Ante su penosa situación llevo mis manos a los bolsillos de mi pantalón. Sólo llevo encima las llaves del coche, de mi casa y de la oficina donde trabajo. Coche, casa, trabajo, un lujo que no está al alcance de Mustafá. Ningún euro para que al menos pueda comer ese día uno de tantos inmigrantes que escapan de su país buscando el paraíso en el viejo continente. Quería volar y Europa es una jaula.

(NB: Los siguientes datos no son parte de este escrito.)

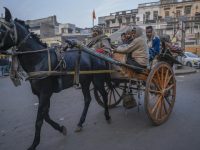 Rare Disease Hits Livelihood of Horse Cart Riders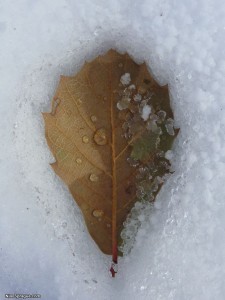 Leaf in the Snow
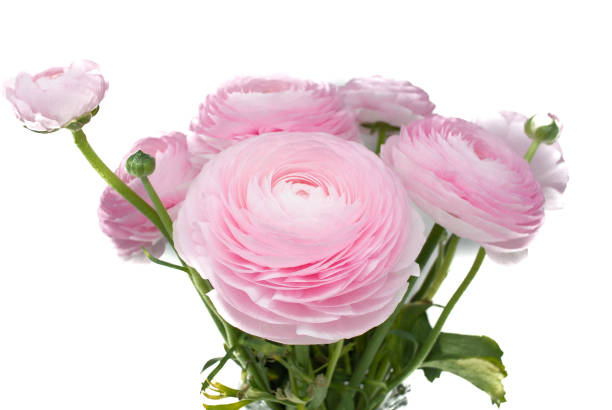 istock Pink Ranunculus flowers with white background 1480237002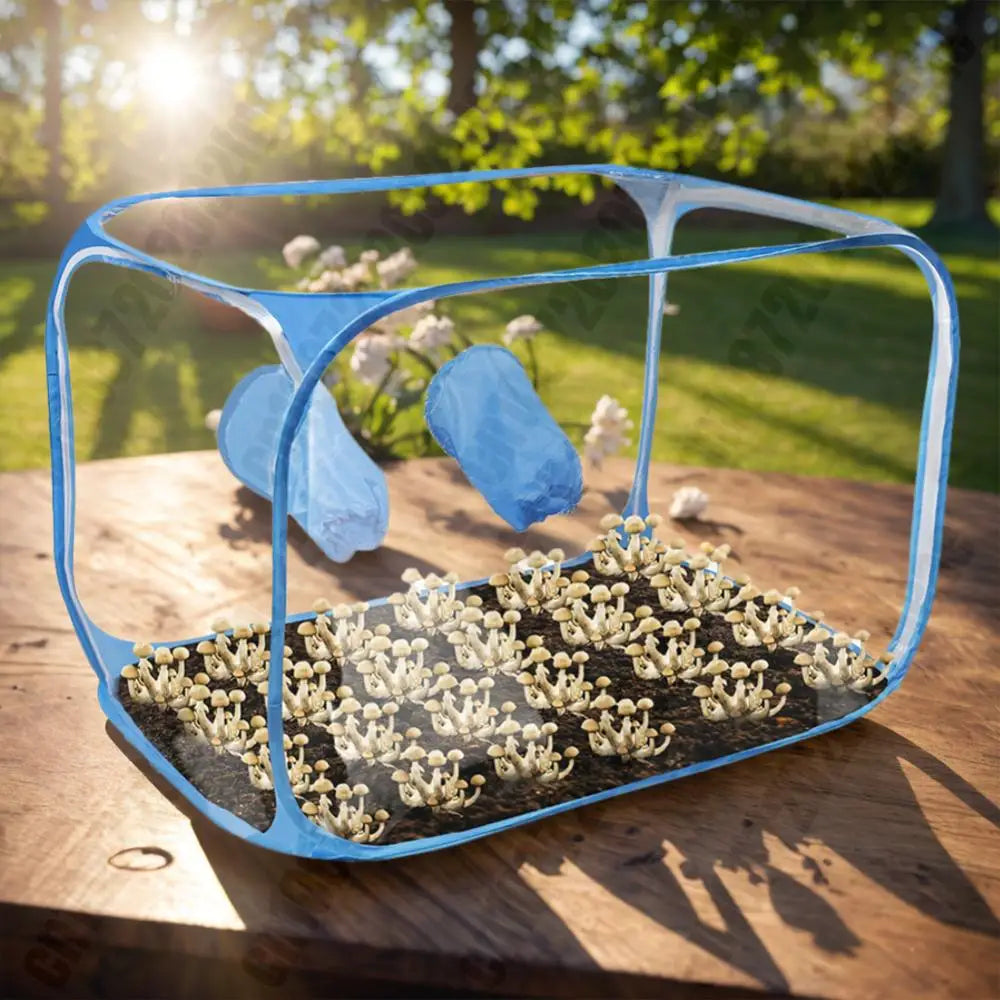 Mushroom Grow Bag Large Still Air Box Transparent For Mushroom Grow Kit Foldable Mushroom Grow Bag Edible Fungus Cultivation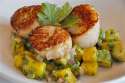 scallops.jpg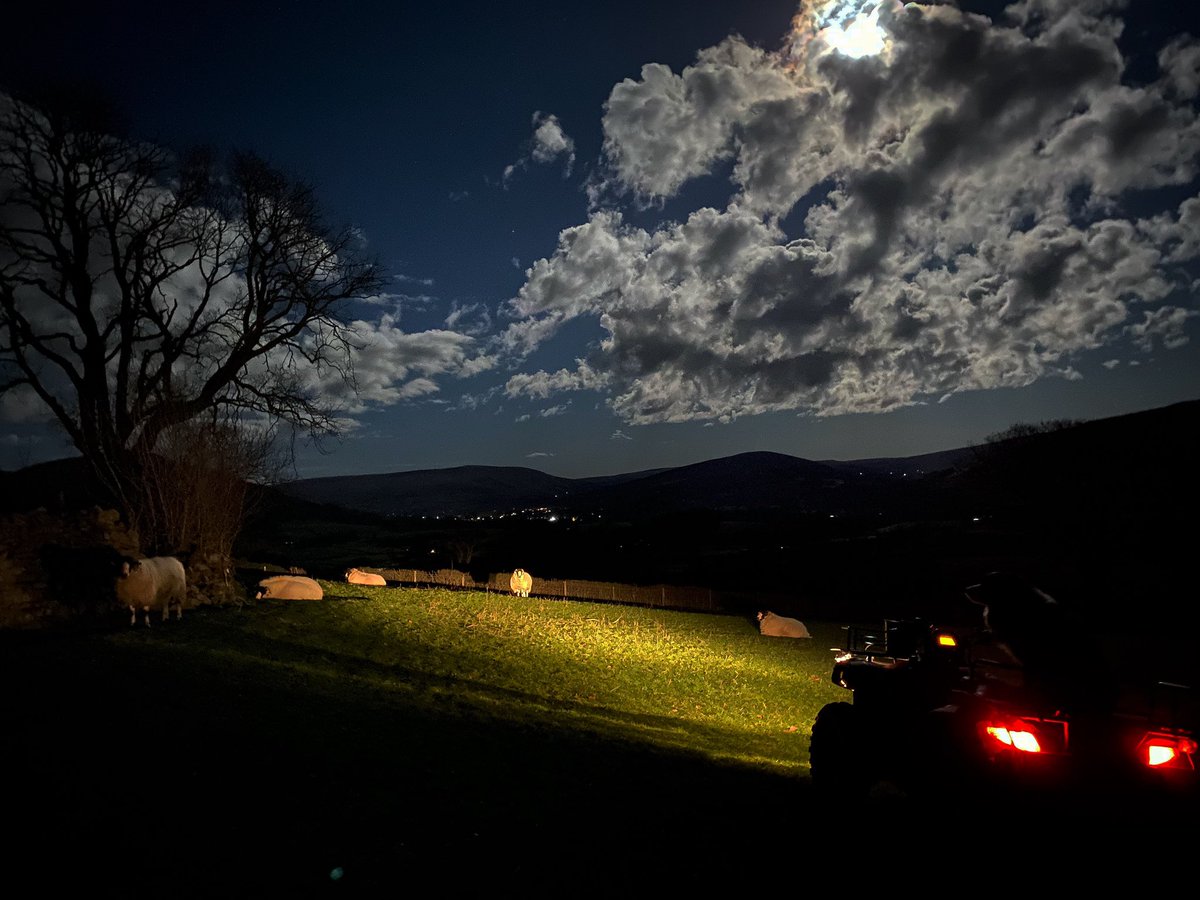 woolismybread's tweet image. The night patrols begin … under a silvery moon … 🐑🐑❤️🐑🐑🐑🐑🐑🐑🐑🐑🐑🐑🐑🐑🐑🐑🐑🐑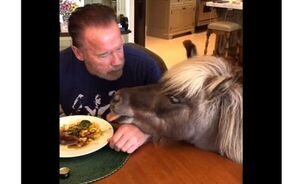 ¡Nde tavy! ¡Todos los animales que tiene Arnold en su casa!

Agobiado, llamo a mis compañeros de trabajo que observan la escena tan conmovidos como yo. Por fortuna uno de ellos le puede dar 2 euros, única cantidad disponible que ofrece a un Mustafá lloroso que besa nuestras manos y que se aleja tan silenciosamente como había llegado. Como una sombra en pena caminando hacia la ciudad departamental.
Conocemos a muchos Mustafás. Son carne de subterráneo y de conquista. La cuña justa para que no se tambalee la mesa de la fiesta. Son mano de obra barata. Han sobrevivido a cárceles y palizas y tienen como único guía a sus sandalias. Son el camello, el pecado, la fulana. No son inocentes, sea quién sea el juez.

Ese primer viernes de Febrero, cuando llego a mi casa y me encuentro con la comida en la mesa, no puedo llevarme nada a la boca. Mi conciencia me echa en cara que no hiciera más por Mustafá. Mi escasa solidaridad me atormenta durante todo el fin de semana. ¿Habrá sobrevivido Mustafá un nuevo viaje con 2 euros como únicas alforjas? ¿Comprenderemos nosotros alguna vez que nadie abandona sus raíces, su cultura, su familia y la tierra donde nació si no es por pura supervivencia?